[Action item] Return, exactly and with nothing added, the line with "Pemberly Row Modern" together with all lines after it through the end of the data below. No pictures belong in the copy.

[Given material]
....

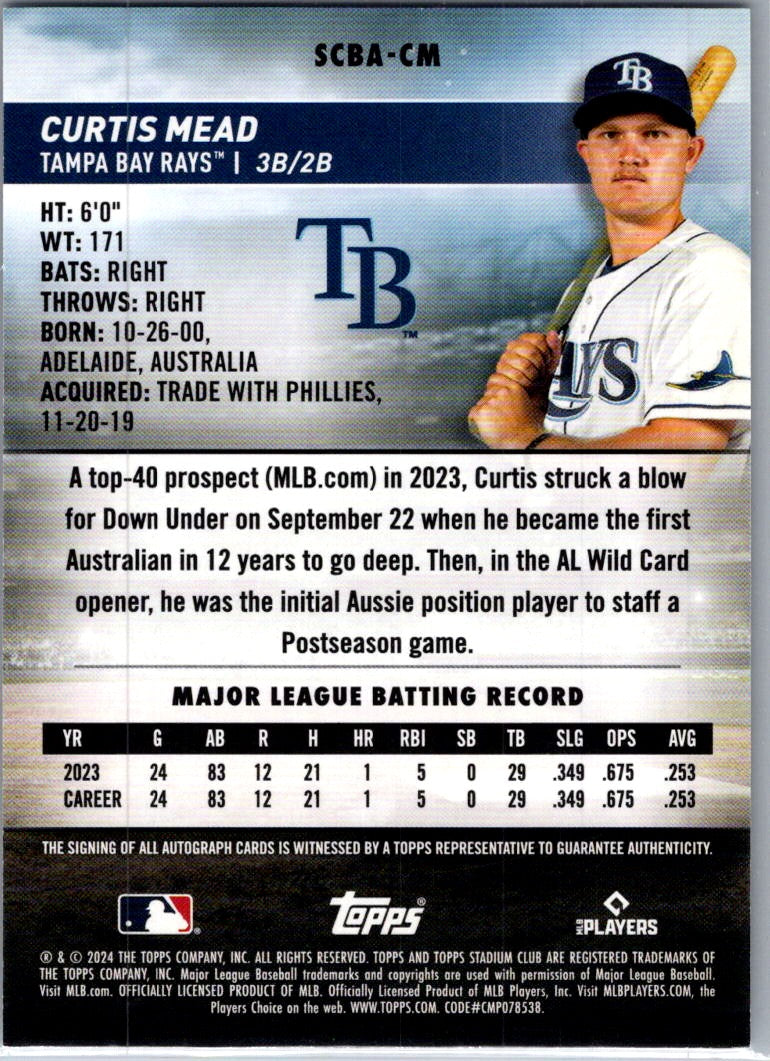 2024 Topps Stadium Club Curtis Mead #SCBA-CM RC Auto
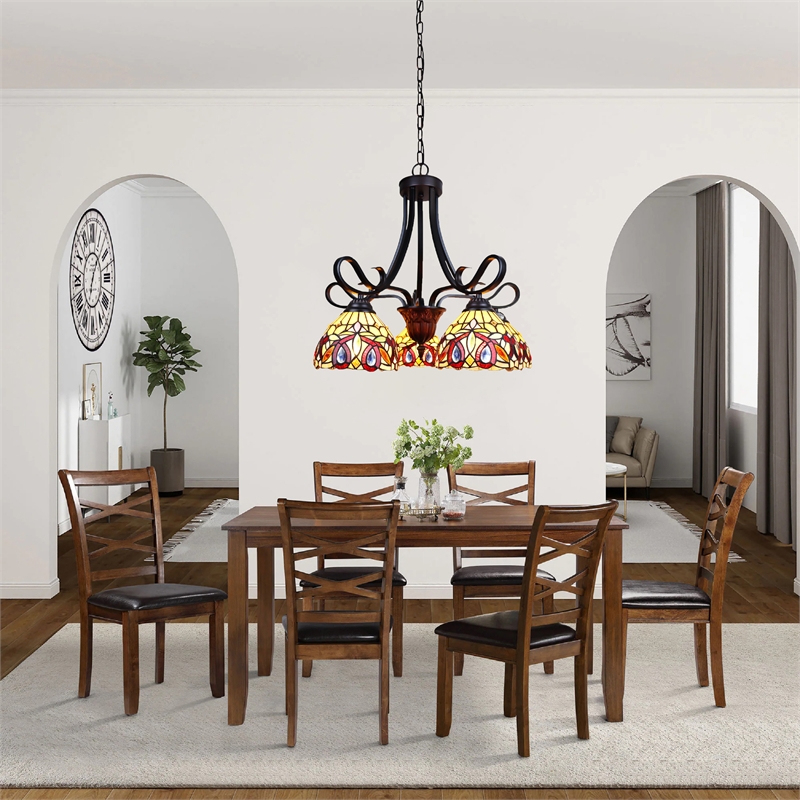 Pemberly Row Modern 5-Light Glass Large Chandelier in Dark Bronze
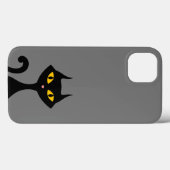 Coques Case-Mate iPhone Chat Kitty noir avec Arrière - plan gris (Verso (horizontal))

....

[Output below]
 Pemberly Row Modern 5-Light Glass Large Chandelier in Dark Bronze
 Coques Case-Mate iPhone Chat Kitty noir avec Arrière - plan gris (Verso (horizontal))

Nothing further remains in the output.